If you're enrolled in the course please sign up for the mailing list here. The email for the list is email@example.com
The code is on the course's github page.
The course will consist of mostly lectures. Before each lecture each student is expected to read a paper or book chapter (always linked from here) and send a report by email. The grades will come from these weekly reports and from a research-level project to be concluded by the end of the course. A list of suggested project topics will be here soon.
Days marked as "project workshop" are days in which no class will happen but Alex will be available for looking at the current state of the projects and discussing things.
ML-based english sentence segmenter, chinese token segmenter
The goal of this project is to implement a supervised machine learning-based sentence and segmenter for English, and a supervised machine learning-based token segmenter for Chinese. While seemingly simple, there are many edge cases to both these tasks, and the performance of real systems depends on solving them accurately and consistently. There is very little research in English sentence segmentation, and yet it is nontrivial on many interesting data types.

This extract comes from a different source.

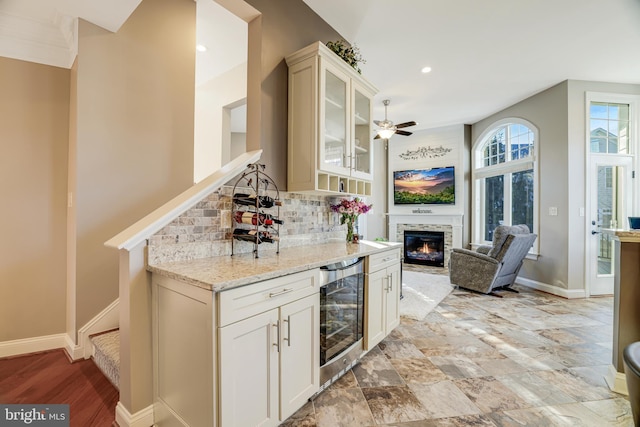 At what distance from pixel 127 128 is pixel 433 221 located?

Joint pos-tagging and mention boundary / type classification
The goal of this project is to implement a system which jointly predicts part-of-speech tags and mention boundaries. Since both tasks are traditionally handled with sequence-based models, it is simple to design a joint inference algorithm which exactly solves this problem, so the main challenges in this project are doing so efficiently, at a not much bigger cost than independent inference, and doing so more accurately, using features from the mentions to help tagging and vice versa.

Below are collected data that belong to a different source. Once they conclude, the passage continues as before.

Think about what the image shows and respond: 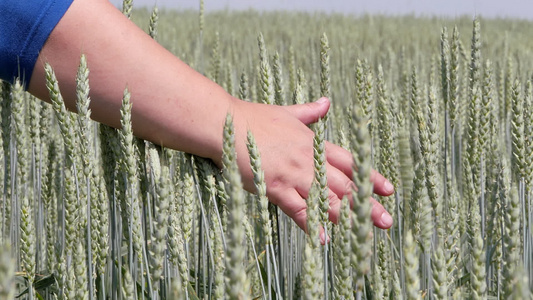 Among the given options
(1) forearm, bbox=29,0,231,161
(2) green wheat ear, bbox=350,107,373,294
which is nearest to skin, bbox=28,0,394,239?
(1) forearm, bbox=29,0,231,161

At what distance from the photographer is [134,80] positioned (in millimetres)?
924

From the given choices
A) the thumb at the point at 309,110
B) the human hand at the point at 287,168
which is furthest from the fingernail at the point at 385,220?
the thumb at the point at 309,110

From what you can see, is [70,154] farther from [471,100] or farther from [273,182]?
[471,100]

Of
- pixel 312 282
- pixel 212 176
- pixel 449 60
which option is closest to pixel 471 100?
pixel 449 60

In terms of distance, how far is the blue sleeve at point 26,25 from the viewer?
0.89 metres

The goal of this project is to build a system which will, given a document, find the wikipedia pages it refers to and label the specific sections which are references with links to the correct wikipedia page. The main challenges are finding the mentions, disambiguating when there are many possible wikipedia entities, and doing it all efficiently. We expect that using the output of within-document coreference resolution systems can help disambiguate mentions, as it allows checking the semantic compatibility of modifiers of other words which corefer to the specific link. It should also be possible to use embeddings of phrases and tokens to improve the accuracy of the current semantic classifiers used in wikification systems.
Semantic role labeling
Semantic role labeling is the task of, given a sentence, annotating it with who-did-what-to-whom information. Much of this can be extracted from a dependency parse of the sentence, though state-of-the-art parsers are prone to error in the more semantic parts of parsing (such as prepositional phrase attachment). We expect that leveraging a finer-grained notion of semantic compatibility from word embeddings should be able to improve a semantic role labeling system, as well as doing inference jointly across an entire corpus using dual decomposition.
Distant supervision relation extraction
Given a knowledge base, such as freebase, with entities and their relations, and a large corpus, such as wikipedia or news articles, one can find sentences which express the relations in the knowledge base, and then learn a classifier capable of extracting more relations from the text. While the problem of improving coverage of the relations contained in freebase has already been successfully tackled, extending this to relations which are across multiple hops in freebase is still an open problem, and both learning and inference can be improved to consider this information.
While the problem of within-document coreferent resolution has traditionally been tackled with machine learning-based approaches, researchers at Stanford have recently published a system which is fully deterministic, quite simple, and yet performs as well as or better than most learning-based approaches. The goal of this project is to reimplement this system, adding to it richer notions of semantic compatibilities obtained from word embeddings.
The goal of this project is to build a state-of-the-art shallow parser, essentially a modern version of the system presented in the paper we read in class.
Error analysis on a full NLP pipeline
While people doing each individual project should perform error analysis on their individual system, it is also interesting to have a more global perspective on what is happening. The goal of this project is to analyze the output of an entire NLP pipeline on data which is out-of-domain and interesting, and try to categorize the multiple ways in which it fails, showing why each failure happens and also how it can be fixed on improved.